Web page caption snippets
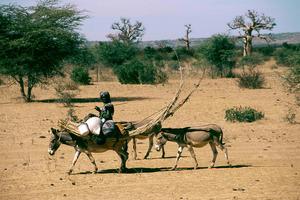 Fulani woman in Mali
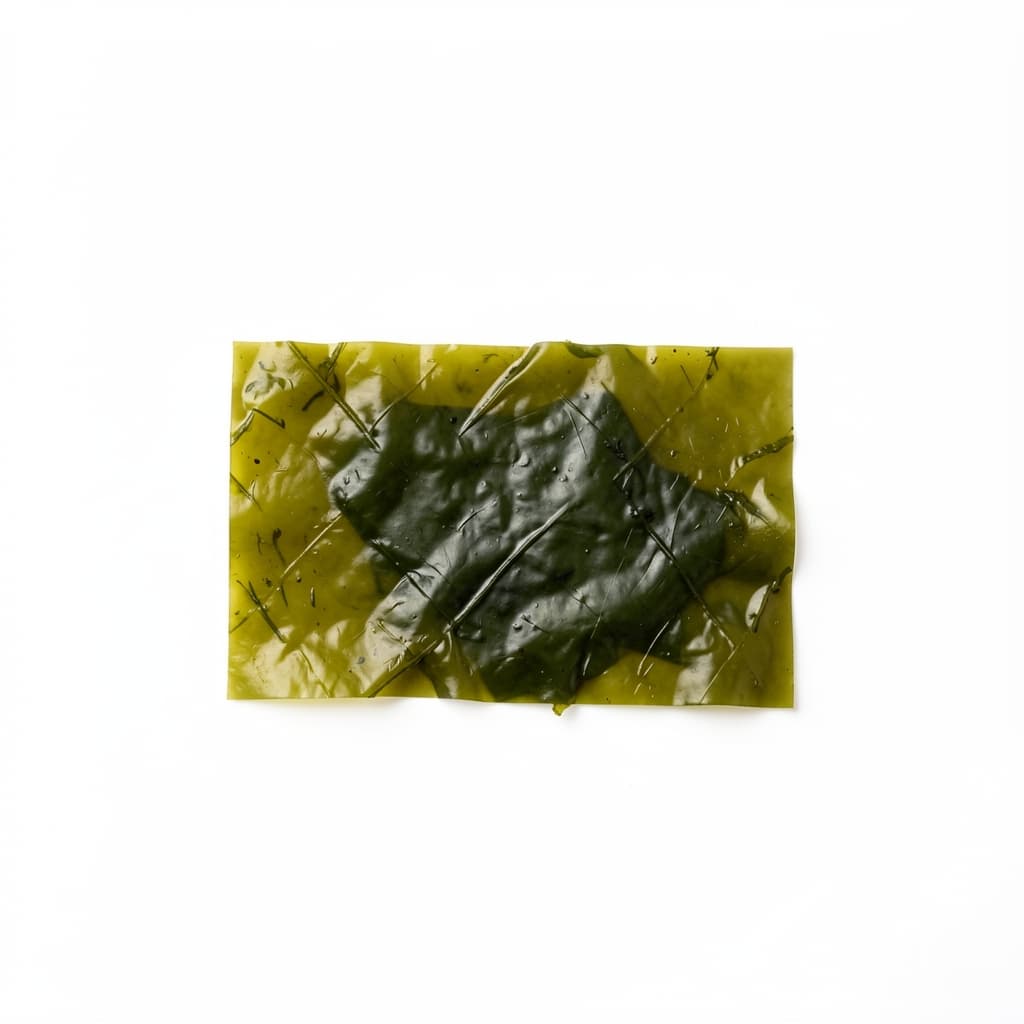 Seaweed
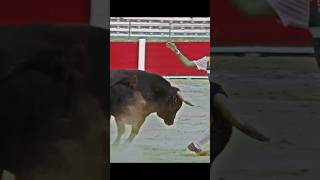 Bull 🐂 Riding  Bull Jumping Bull Gaming rodeo bullriding mechanicalbullriding bullrider bull [upl. by Barfuss]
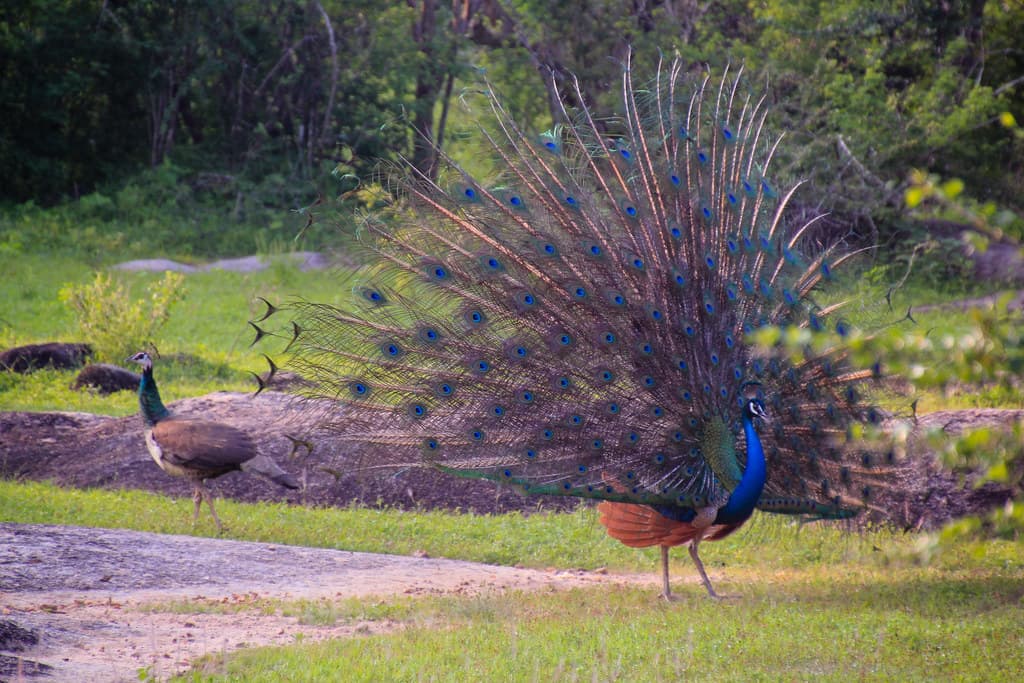 Peacock at Yala National Park, Sri Lanka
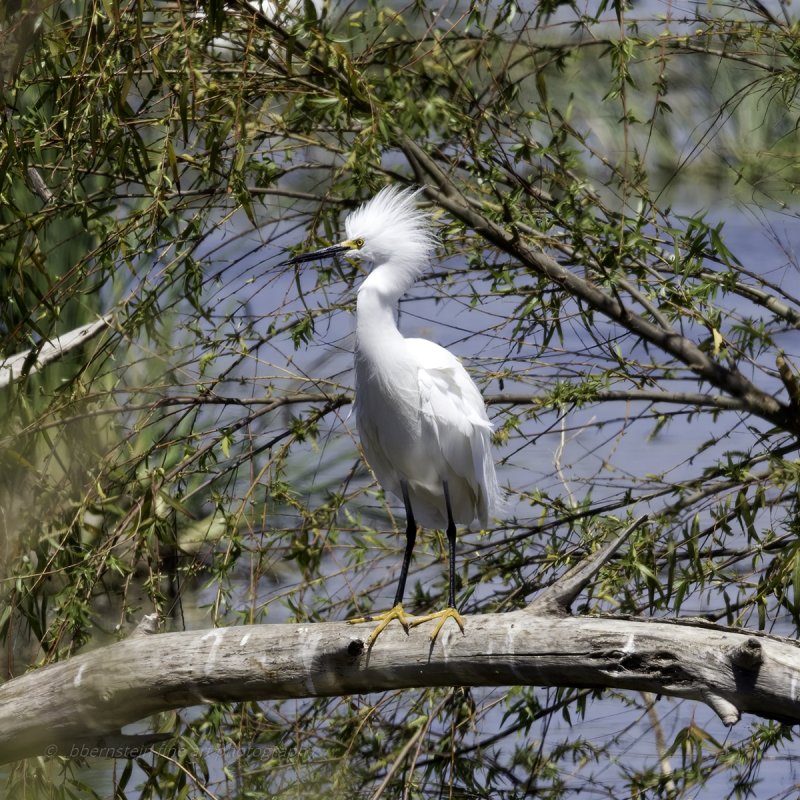 Snowy egret after lunch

Task brief
Print the data above in full and exactly as it appears, skipping the pictures.

Response below
 Fulani woman in Mali
 Seaweed
 Bull 🐂 Riding  Bull Jumping Bull Gaming rodeo bullriding mechanicalbullriding bullrider bull [upl. by Barfuss]
 Peacock at Yala National Park, Sri Lanka
 Snowy egret after lunch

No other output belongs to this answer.